World Journal of Gastroenterology | Year: 2012

AIM: To investigate the role of osteopontin (OPN) and its splice variants in the proliferation of hepatocellular carcinoma (HCC). METHODS: The expression of OPN variants in HCC cell lines as well as HCC tissue samples and non-tumour tissue was studied using polymerase chain reaction. OPN variant cDNAs were cloned into a mammalian expression vector allowing both transient expression and the production of stable OPN expressing cell lines. OPN expression was studied in these cells using Western blotting, immunofluoresnce and enzyme linked immunosorbent assay. A CD44 blocking antibody and siRNA targeting of CD44 were used to examine the role of this receptor in the OPN stimulated cell growth observed in culture.

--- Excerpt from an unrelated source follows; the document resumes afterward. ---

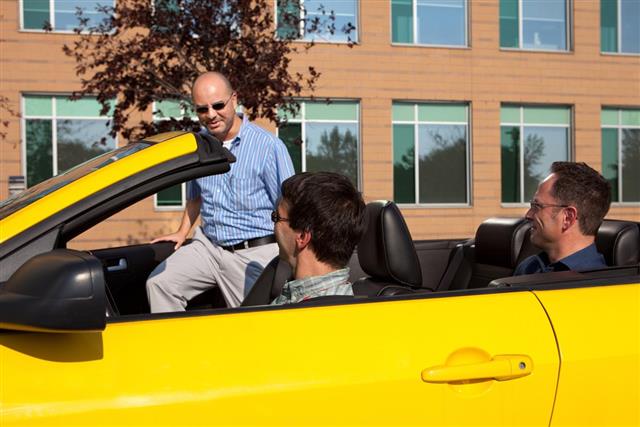 Three men car pooling in a yellow convertible
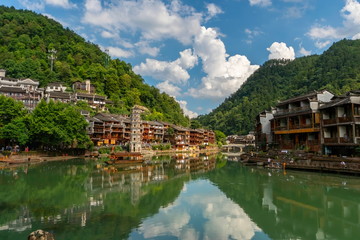 Sunset view on riverside Tuojiang River with Wanmingta Pagoda. Picturesque landscape of traditional chinese old town of Fenghuang, Hunan province, China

Huh-7 cells stably expressing either OPN-A, -B or -C were injected subcutaneously into the franks of nude mice to observe in vivo tumour growth. Expression of OPN mRNA and protein in these tumours was examined using reverse transcription-polymerase chain reaction and immunohistochemistry. RESULTS: OPN is expressed in HCC in 3 forms, the full length OPN-A and 2 splice variants OPN-B and -C. OPN variant expression was noted in HCC tissue as well as cognate surrounding cirrhotic liver tissue. Expression of these OPN variants in the HCC derived cell line Huh-7 resulted in secretion of OPN into the culture medium. Transfer of OPN conditioned media to naïve Huh-7 and HepG2 cells resulted in significant cell growth suggesting that all OPN variants can modulate cell proliferation in a paracrine manner. Furthermore the OPN mediated increase in cellular proliferation was dependent on CD44 as only CD44 positive cell lines responded to OPN conditioned media while siRNA knockdown of CD44 blocked the proliferative effect. OPN expression also increased the proliferation of Huh-7 cells in a subcutaneous nude mouse tumour model, with Huh-7 cells expressing OPN-A showing the greatest proliferative effect. CONCLUSION: This study demonstrates that OPN plays a significant role in the proliferation of HCC through interaction with the cell surface receptor CD44. Modulation of this interaction could represent a novel strategy for the control of HCC. © 2012 Baishideng. All rights reserved.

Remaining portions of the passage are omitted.